On Dzone, users publish links along with a short description and a few tags from a limited set of ca. 50 predefined tags. Users rate entries using "up"/"down" votes and popular entries appear on the front page. Unlike with Slashdot, Reddit, or Digg, a web page being linked from Dzone typically receives just a few hundred, sometimes a few thousand page views. Because of this, there is little incentive for content producers to game the system. That's one of the reasons I like Dzone.

Limiting tag choice is an unusual thing in Web 2.0 sites but it simplifies automatic processing (see my article on Yahoo! Pipes). A taxonomy would be more appropriate and more powerful but you can reverse-engineer one based on the tags.

There are two interesting metrics connected to each entry, where only the first one is supported by Dzone:

  • Quality of the entry (aka popularity)
  • Relevancy of the entry to me

Quality is determined by user votes which works reasonably well for Dzone. I have seen little abuse, but as in many Web 2.0 sites (see MusicBrainz, for example), there is little incentive to vote. Typically, there is a dedicated minority of users who contribute most of the votes. You often try to create incentive by building karma systems ("top voters of the week" etc.). Sometimes this works, most of the time it doesn't.

The second metric, relevancy, is more interesting.

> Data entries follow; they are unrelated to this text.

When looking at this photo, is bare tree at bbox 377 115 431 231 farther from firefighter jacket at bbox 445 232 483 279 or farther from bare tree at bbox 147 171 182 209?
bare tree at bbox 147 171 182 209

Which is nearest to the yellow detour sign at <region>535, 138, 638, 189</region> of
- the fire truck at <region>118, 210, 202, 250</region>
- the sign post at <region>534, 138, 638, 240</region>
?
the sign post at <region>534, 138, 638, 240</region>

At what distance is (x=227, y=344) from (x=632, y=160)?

It is a completely subjective measure and thus doesn't work well with the "wisdom of the crowd" approach. To get around this, some link sharing sites build focused sub-communities ("programming", "politics", "cat pictures"). This is mostly a workaround though. What you really want is personalization: I expect the system to present entries that match my interests and are thus relevant to me.

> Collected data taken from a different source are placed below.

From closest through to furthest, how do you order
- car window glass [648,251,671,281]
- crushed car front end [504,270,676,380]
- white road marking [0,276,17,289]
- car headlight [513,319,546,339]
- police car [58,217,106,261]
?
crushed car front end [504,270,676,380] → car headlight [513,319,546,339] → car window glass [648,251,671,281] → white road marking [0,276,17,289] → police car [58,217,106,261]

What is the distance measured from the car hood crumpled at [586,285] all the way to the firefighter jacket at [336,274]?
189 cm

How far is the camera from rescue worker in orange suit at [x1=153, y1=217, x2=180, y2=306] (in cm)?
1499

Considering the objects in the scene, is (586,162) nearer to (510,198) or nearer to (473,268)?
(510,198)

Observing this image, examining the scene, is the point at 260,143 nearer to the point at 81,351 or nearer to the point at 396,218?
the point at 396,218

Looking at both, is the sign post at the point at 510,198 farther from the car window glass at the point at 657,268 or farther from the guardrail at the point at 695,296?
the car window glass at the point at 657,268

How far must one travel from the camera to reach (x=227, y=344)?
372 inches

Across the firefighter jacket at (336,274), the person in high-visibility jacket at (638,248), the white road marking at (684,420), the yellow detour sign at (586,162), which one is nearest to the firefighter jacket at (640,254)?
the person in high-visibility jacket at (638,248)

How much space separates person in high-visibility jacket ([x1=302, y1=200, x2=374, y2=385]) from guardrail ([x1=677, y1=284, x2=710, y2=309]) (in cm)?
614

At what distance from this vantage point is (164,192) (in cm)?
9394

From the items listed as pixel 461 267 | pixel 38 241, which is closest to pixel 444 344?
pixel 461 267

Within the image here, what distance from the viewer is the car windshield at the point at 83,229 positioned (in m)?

In Dzone, you can subscribe to tag feeds ("java", "web design", etc.), but if you subscribe to multiple feeds you end up with duplicates because one entry may be present on more than one feed. Dzone currently doesn't offer aggregated feeds based on user-selected tags. Because of this I'm using Yahoo! Pipes to filter the front page feed. This leaves me with ca. 40% of the original stories from which more than half are still irrelevant.

While user-defined feeds would be a big step forward, there is only one real solution: The system has to learn from my actions (clicks and votes) and present only those entries that are interesting to me personally. A system like this is called a Recommender System. Basically, there are content-based recommender systems that select entries (called items in the literature) based on my user profile and properties of the entries. And there are collaborative filtering systems that recommend items based on what users with a similar profile found interesting. Recommender systems is an active research topic. See this survey paper for a good overview.

While collaborative filtering is more difficult to scale and doesn't handle item churn well (see the Google News paper for details), content-based recommenders are a lot easier to scale. However, content-based schemes often suffer from over-specialization and can be more difficult to implement.

Recommender systems have been in use on the web for more than a decade, so it's surprising that none of the popular link sharing services has implemented personalization features yet. The first service to offer this would likely have an advantage over its competitors. My time and attention is limited, so the other services would quickly become irrelevant. At least to me.